Quando começou a cantar e a compor sambas, em 1998, já fora de horas, à porta dos 30 anos, achava que o primeiro país cujo carimbo teria no seu passaporte seria Portugal.Não foi, foi o Japão. E a vinda até Portugal parecia cada vez mais distante. Acabou por ser um convite de Caetano Veloso, esse padrinho da música e dos músicos brasileiros, a convidar Teresa Cristina, para o acompanhar numa tournée pela Europa. Hoje e amanhã, noColiseu dos Recreios, em Lisboa, Teresa Cristina apresenta o seu mais recente álbum “Canta Cartola”.
Como surgiu o convite para subir ao palco com Caetano Veloso?

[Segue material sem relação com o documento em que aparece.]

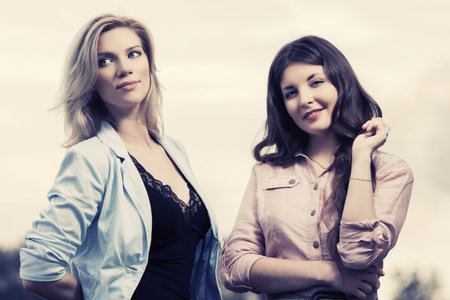 Two happy young fashion women walking outdoorの写真素材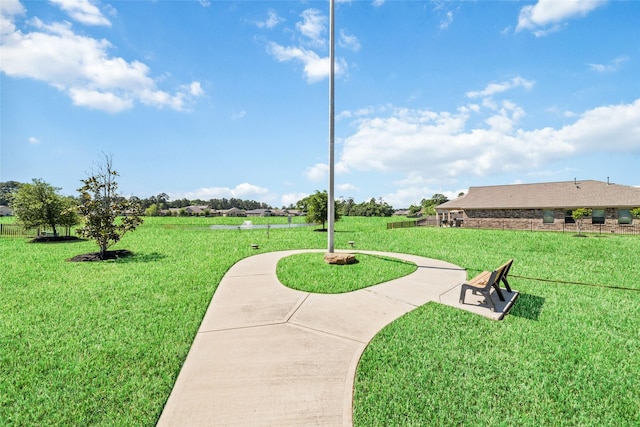 view of property's community featuring a yard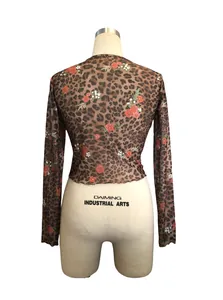 Detailed back view of women's leopard and floral print mesh long sleeve crop top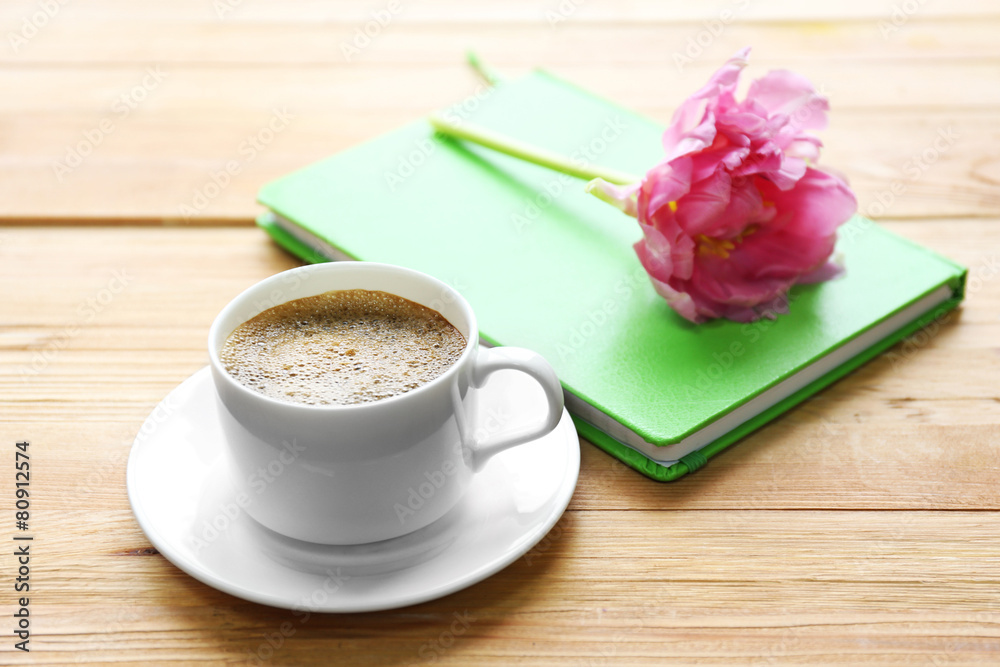 Cup of coffee with notebook and fresh flower Cup of coffee with notebook and fresh flower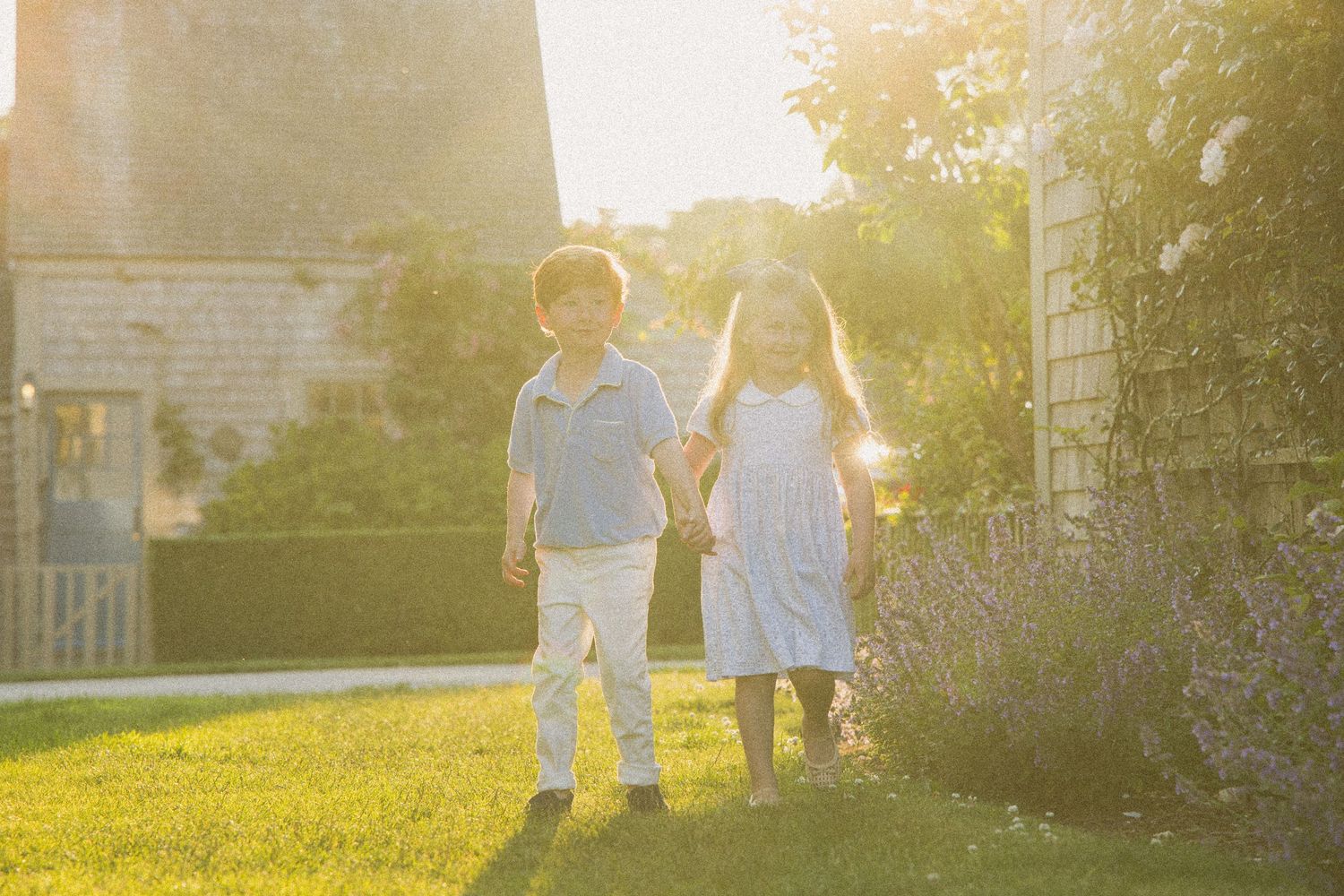 Two children holding hands in a sunlit garden, boy in blue polo and girl in white dress, golden hour light.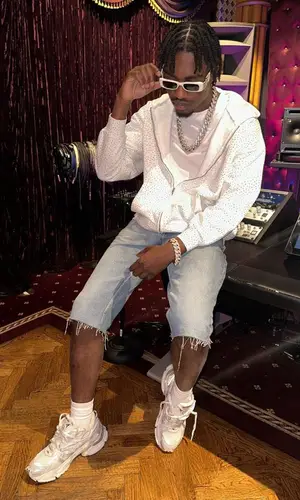 Lil Tjay wearing Balenciaga eyewear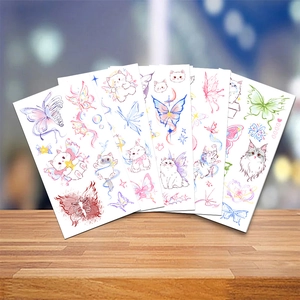Close-up of watercolor cartoon stickers featuring cats and butterflies on wood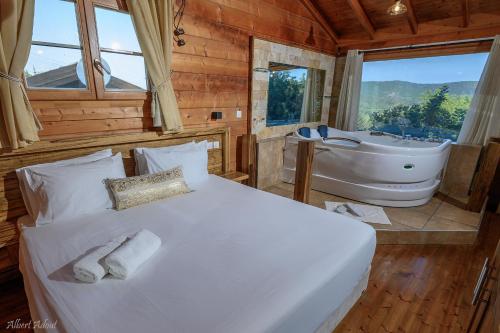 a bedroom with a bed and a tub in a room at Lev Hahoresh Boutique Hotel in Shomera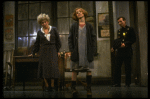 Sarah Jessica Parker as Annie and Alice Ghostley as Miss Hannigan w. a policeman in a scene from the Broadway production of the musical "Annie."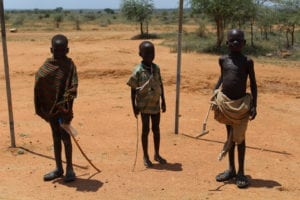 Ugandan children wearing their native shawls while holding sticks
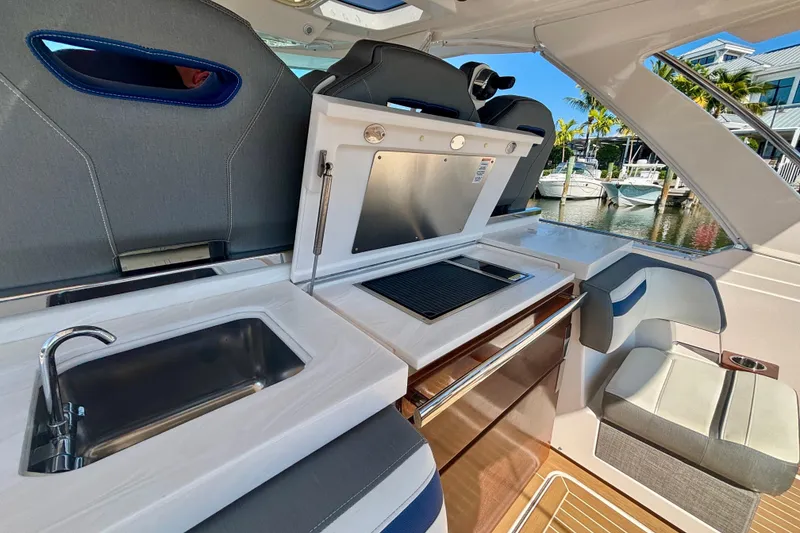 Slide: The Image of Luxurious 2019 Tiara Sport 38 LS yacht interior with kitchenette and seating area. - 20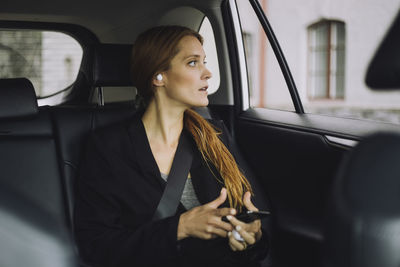 Businesswoman with brown hair sitting in car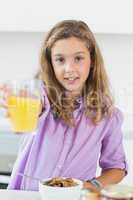 Girl offering orange juice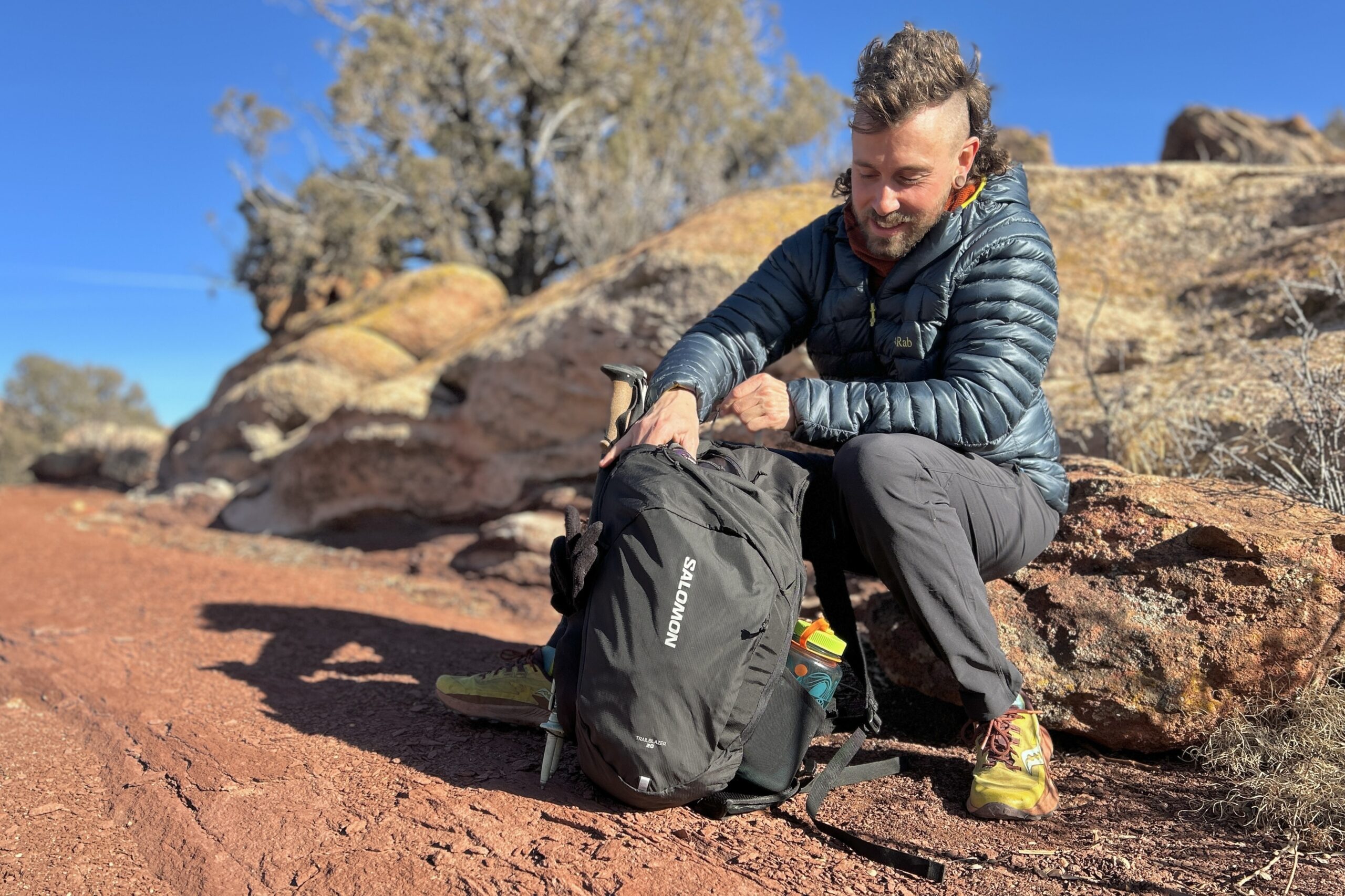 A man sits on a rock in a red desert landscape and digs through his backpack.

O Caetano foi assistir à estreia do meu show Canta Cartola, ficou muito emocionado. Mas antes do show, eu já tinha encontrado com o Caetano e a gente conversou sobre o show, inclusive sobre a possibilidade de ele o dirigir. Mas ele tinha outras coisas, estava no meio da tournée com o [Gilberto] Gil, e não pôde. Mas tivemos uma conversa muito importante, na qual ele me deu muitas orientações. Dessa conversa com o Caetano botou algum tipo de ambição, de querer fazer um show onde eu pudesse deixar a timidez de lado – porque eu sou muito tímida e timidez e palco não combinam. O convite que ele depois me fez para ir com ele a vários países e apresentar este espetáculo, mostra um pouco da paixão que teve pelo espetáculo em si, mas mostra também a generosidade de um artista, que está nesse lugar que o Caetano habita na música brasileira e que é um lugar muito bonito, mas ao mesmo tempo é uma pessoa muito generosa. Ainda agora cantou com o Pedrinho Miranda uma música do Ismael Silva, mas depois pode cantar com a Anita ou com a Ivete Sangalo. O Caetano é uma ação inesperada, nunca podemos prever o seu próximo passo.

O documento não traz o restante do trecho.